As foreign minister in the military government of President Ibrahim Babangida, Akinyemi  promoted the concept of the “Concert of Medium Powers” in 1987.  The countries proposed as members of the Concert were to act independently of the global powers  to influence global affairs. For Nigeria, it was to be an avenue for the country  to re-focus its foreign policy  objective in  a post-apartheid world.  It was a bold and strategic  move beyond Nigeria’s “Afrocentric” foreign policy at a period when decolonisation of southern Africa had been substantially achieved and the end of apartheid itself  was already in sight.  Some of the countries that were to be in the Concert of Medium as conceived at the time are today members of BRICS –  India, Brazil, Egypt.

Significantly, the concept was a Nigerian initiative, a legitimate ambition to be relevant in global affairs while pursing national interests. In fact the other name for the group  is “Lagos  Forum” because Nigeria played host to the forum. It’s an irony that 36 years after the Lagos Forum, it was South Africa  that invited  Nigeria and other African countries to Johannesburg a fortnight ago to “interact” with BRICS.

In making a synthesis of the views expressed  at the forum of the Academy, Akinyemi said while Nigeria should not its sleep over  the membership  of BRICS, the country should demonstrate fresh initiatives to be a global power. Akinyemi said “it is a duty Nigeria  owes the black race.” It is expected that the Academy, of which Akinyemi is the president, and similar institutions would make ideas available for policymakers to harvest.

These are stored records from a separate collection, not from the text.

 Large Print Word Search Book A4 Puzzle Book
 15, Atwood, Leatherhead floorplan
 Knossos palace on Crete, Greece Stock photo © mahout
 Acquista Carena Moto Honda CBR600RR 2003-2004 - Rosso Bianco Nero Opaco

In recent months,  a lot of good news India has  issued from India. Last week was a shining moment for India as it played host to the G-20.  President Tinubu was in India at the time also for a Nigeria-India Biliteral  Conference.  India’s Prime Minister Narendra Modi, who will be seeking a return to power  next  year, has become a focus of global attention. He had been in South Africa for the BRICS meeting  that resolved to invite more countries including Ethiopia and Egypt  (from Africa)  to the economic bloc. To start with, the growing diplomatic influence of India at the G-20 meeting was demonstrated by the tone of the communique. Against the preference of the  western countries, the G-20 avoided the condemnation of Russia for the war in Ukraine. It rather called for “just peace” in Ukraine as well as respect for international law. The communique also called for a return to  the Black Sea Deal to ensure the export of grain from Ukraine. It is remarkable that the western countries  agreed to a compromise in the “balanced” tone of the communique. In the  previous G-20 meeting in Indonesia, the western nations insisted  on  an outright condemnation of Russia in the final document despite Russia’s membership of the group. India is now perceived  as making the G-20 more inclusive because of its moves to forge compromises in the organisation. 

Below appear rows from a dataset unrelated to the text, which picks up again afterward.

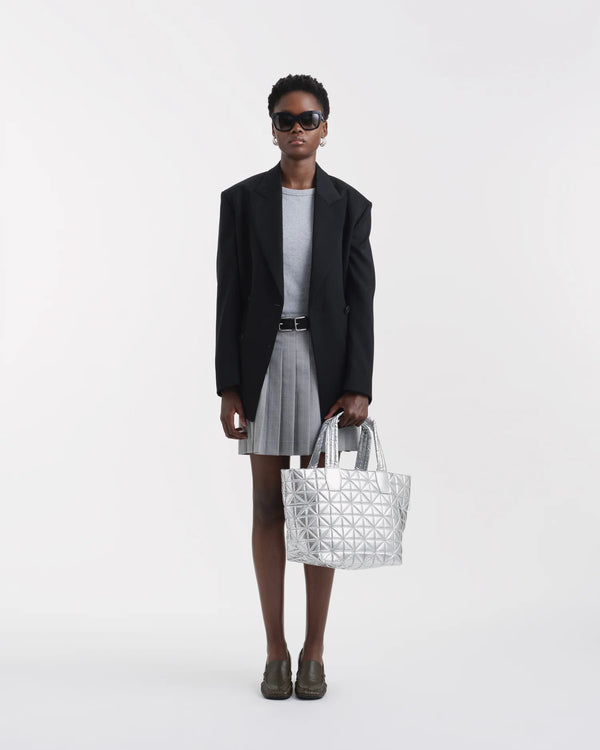 Vee Tote Small Chrome Metallic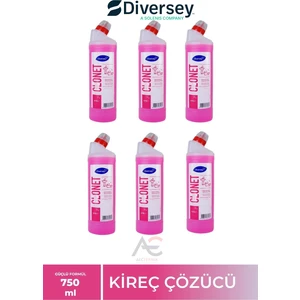 - Taskı Clonet Extra - Banyo Temizleyici ve Kireç Çözücü 6 Lı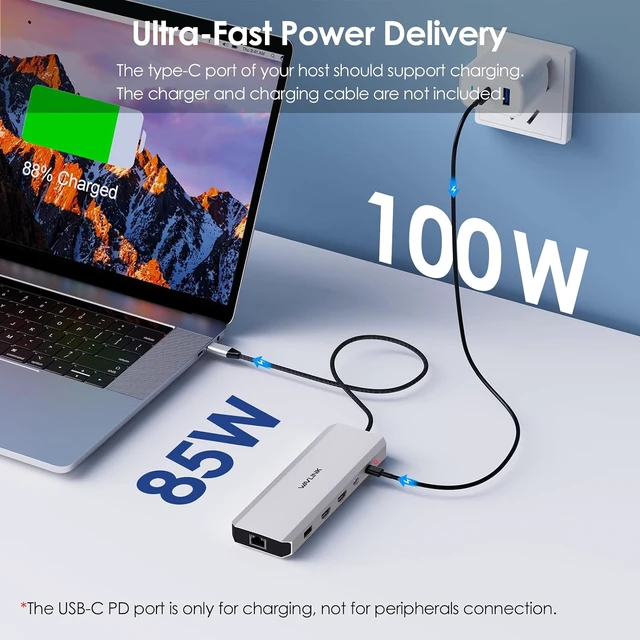 Alt view image 7 of 7 - Laptop Docking Station, Docking Station Dual Monitor for HDMI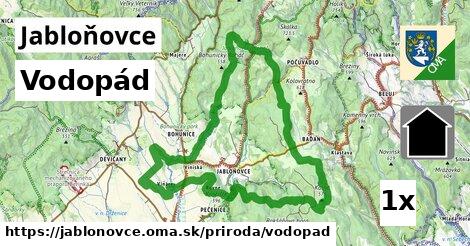 Vodopád, Jabloňovce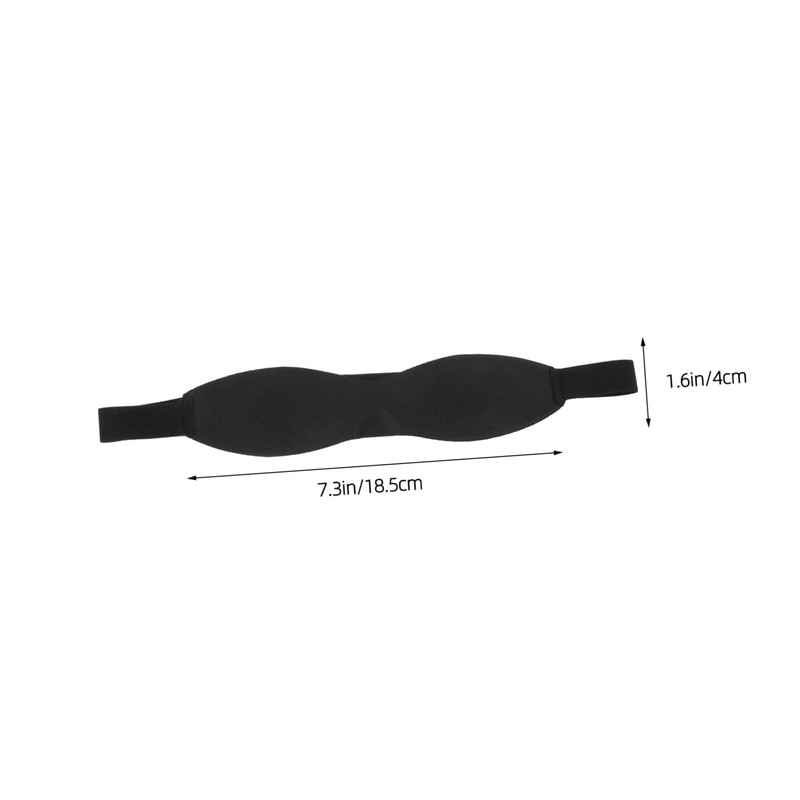 SAFIGLE Black Eye Mask for Sleeping Breathable Milk Silk Eye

Only last month, India landed an uncrewed spacecraft near Moon in the unexplored South Pole. By that feat, India will henceforth be respected as an international space power. India had been in race with Russia  to be the first to land in the Moon’s South Pole. Landing on the Moon is more than a scientific achievement for India; it is a geo-political booster for its  profile in the international arena. Modi described the event as the “the dawn of a new India,” and a proof that “ all the countries of the world including the ones in the global south are capable of achieving such feats.  

Today, India is the most populous nation and it is  aspiring to be an economic, technological and geo-political power. Its middle class is growing with a diaspora that constitutes a huge asset. The dynamic of   the  Indian federalism is such that power is  moving   from the centre to the states.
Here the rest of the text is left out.